Angela Merkel has been sworn in for a rare third term as German chancellor, capping months of political uncertainty as she bartered with her rivals to help govern Europe’s top economy.
Tuesday’s vote in the Bundestag was a formality as the ruling parties hold an overwhelming majority of the seats. A total of 462 lawmakers backed Merkel for chancellor, with 150 voting against and 9 abstaining.
Eighty-six days after Merkel swept to victory in elections but failed to grab an outright majority, the lower house of parliament voted on handing her another four-year term.

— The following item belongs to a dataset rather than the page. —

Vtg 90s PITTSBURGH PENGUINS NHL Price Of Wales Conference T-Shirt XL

With a whopping 504 of the 631 seats, Merkel’s conservatives and their new centre-left partners, the Social Democrats (SPD), hold a comfortable majority under their hard-fought ‘grand coalition’ deal.

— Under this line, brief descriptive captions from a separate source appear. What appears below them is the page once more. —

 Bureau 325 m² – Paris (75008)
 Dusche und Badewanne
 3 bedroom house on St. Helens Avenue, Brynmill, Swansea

Merkel must be confirmed by President Joachim Gauck at the presidential palace before returning to the Bundestag to be sworn in as Germany’s only third post-war chancellor to win a third mandate.
The ceremony and later swearing-in of ministers followed by the first cabinet meeting will enable Merkel to finally get back down to business in earnest after the longest government-building period since World War II.
Merkel is then due to address parliament on Wednesday and travel to Paris for talks with President Francois Hollande the same day, ahead of an EU summit at the end of the week.
A parliament debate after Wednesday’s address will be the first opportunity for a face-off across the floor since the SPD moved off the opposition benches.Merkel has defended the time spent haggling over policy and posts with an initially reluctant SPD as time well spent, voicing appreciation on signing the coalition pact Monday “that we listened to each other”.
Few observers doubt though that the road ahead will be bumpy.
Merkel on Monday pledged “solid finances, secure prosperity and social welfare” and said that “a grand coalition is a coalition for grand tasks– we want to make sure that the people in 2017 are better off, even better off, than they are today”.
News magazine Spiegel online commented that Merkel was “at the peak of her power”.
“The red-hued coalition agreement admittedly asks a bit of the (conservative) Union but when you get more than 41 percent in a federal election that’s enough to calm your own people.”
Merkel keeps her trusted lieutenant Wolfgang Schaeuble as finance minister to continue Berlin’s tough loans-for-reform stance toward troubled eurozone countries and as the watchful guardian of the German public purse.
The SPD gets the foreign ministry, where Frank-Walter Steinmeier returns as Germany’s top diplomat, while the CDU’s rising star Ursula von der Leyen, a worldly high achiever and mother-of-seven, takes over the defence ministry.